Suggestion to include variable 'subtype' from Crossref

Opened this issue · 4 comments

Crossref metadata contain the variable 'subtype' for records with publication type 'posted-content'. Including this variable allows e.g. distinguishing preprints from other types of posted-content in downstream analysis.

cc @cameronneylon

NB In the JSON response of the Crossref REST API, this a top-level field, see e.g. https://api.crossref.org/works/10.5194/acp-2015-1010 line 214

However, Crossref describes it here as as an attribute of posted-content called 'type': https://crossref.org/documentation/content-registration/content-type-markup-guide/posted-content-includes-preprints/#00084, and this is also how it's documented in the schema documentation: https://data.crossref.org/reports/help/schema_doc/4.4.2/schema_4_4_2.html#posted_content

So... my simple thought was that it could be added to
observatory-dags/observatory/dags/database/schema/crossref_metadata_2021-01-01.json as such:
{
"mode": "NULLABLE",
"name": "subtype",
"type": "STRING",
"description": "Enumeration, one of the type ids from https://data.crossref.org/reports/help/schema_doc/4.4.2/schema_4_4_2.html#posted_content."
},

... but that assumes the telescope workflow is using the REST API json result structure.

See pull request The-Academic-Observatory/observatory-platform#456

Hi @bmkramer,

Thanks for your pull request!
I can see we currently have the 'type' field in our schema, for which one of the options is 'posted-content'.

I haven't seen the 'subtype' field in our data so far though. The way our data pipeline is set up it should give an error when there is a field in the data that is not in our schema. The latest snapshot from 2021-05-01 was loaded into BigQuery without any issues.

We get our data from the Crossref Metadata Plus snapshots that are available (https://www.crossref.org/documentation/metadata-plus/metadata-plus-snapshots/). It's in the json format and uses the REST API, but with the /snapshot route, so perhaps a different schema is used for the output there?

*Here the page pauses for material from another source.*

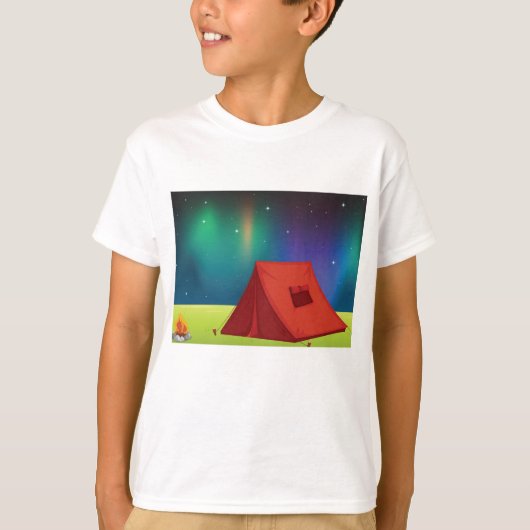 Vibrant Northern Lights Camping Tent Night T-Shirt (Vorderseite)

The 'subtype' field is not listed in the document here: https://github.com/CrossRef/rest-api-doc/blob/master/api_format.md, but perhaps this document is outdated.

Do you our @cameronneylon know who would be the best person to contact, so I could ask some questions about which schema is used for the snapshots and whether we should be getting the 'subtype' field as well?

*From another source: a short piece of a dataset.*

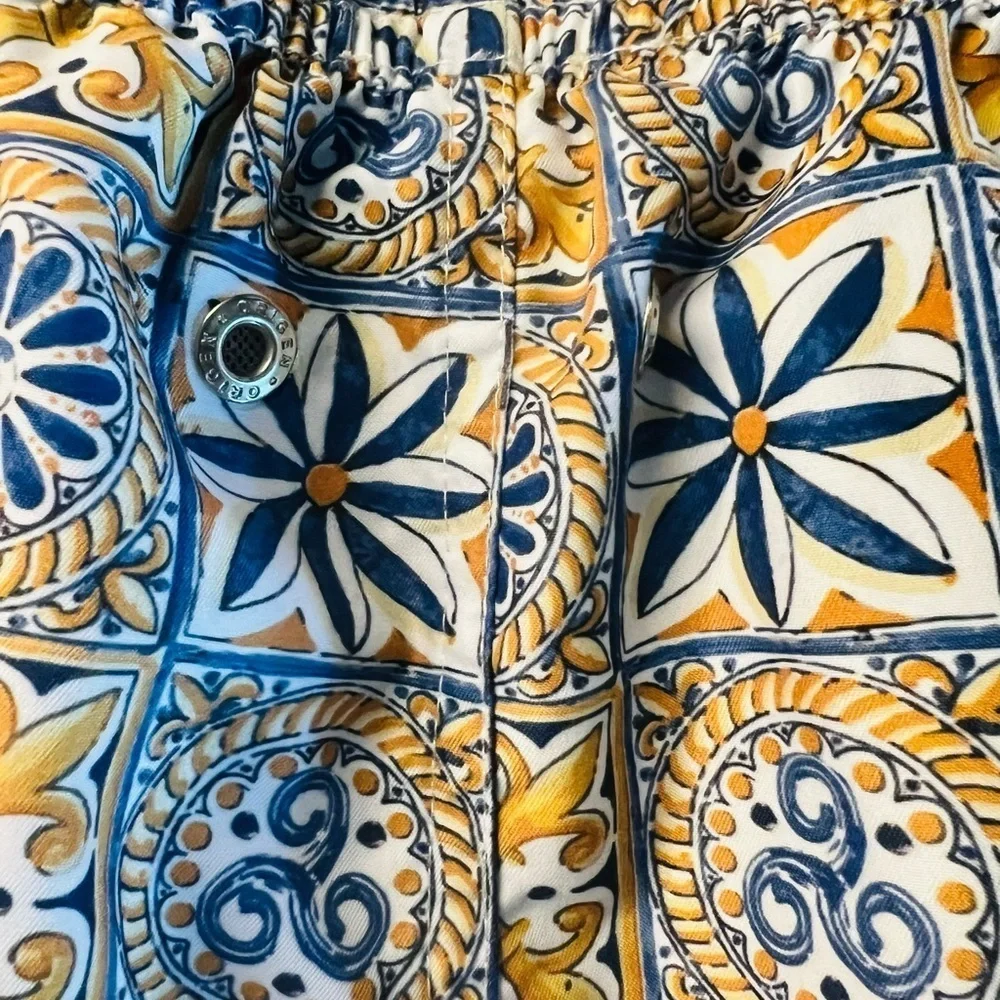 Origen Per Capri Blue & Yellow Swim Trunks Size XL NWOT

EDIT: I found the same work from your example (https://api.crossref.org/works/10.5194/acp-2015-1010) in the metadata plus snapshot and there is no subtype field there. I suspect the schema for the snapshot route of the API is slightly different and @cameronneylon Is looking further into this.

Thanks @aroelo , and yes, we have asked Crossref about this. To be continued!

Update:
After contact with Crossref they informed us that this field should be included soon in the new snapshots, either in October or September.
The new snapshots should pull data directly from the REST API, so I assume that these will then be similar in format.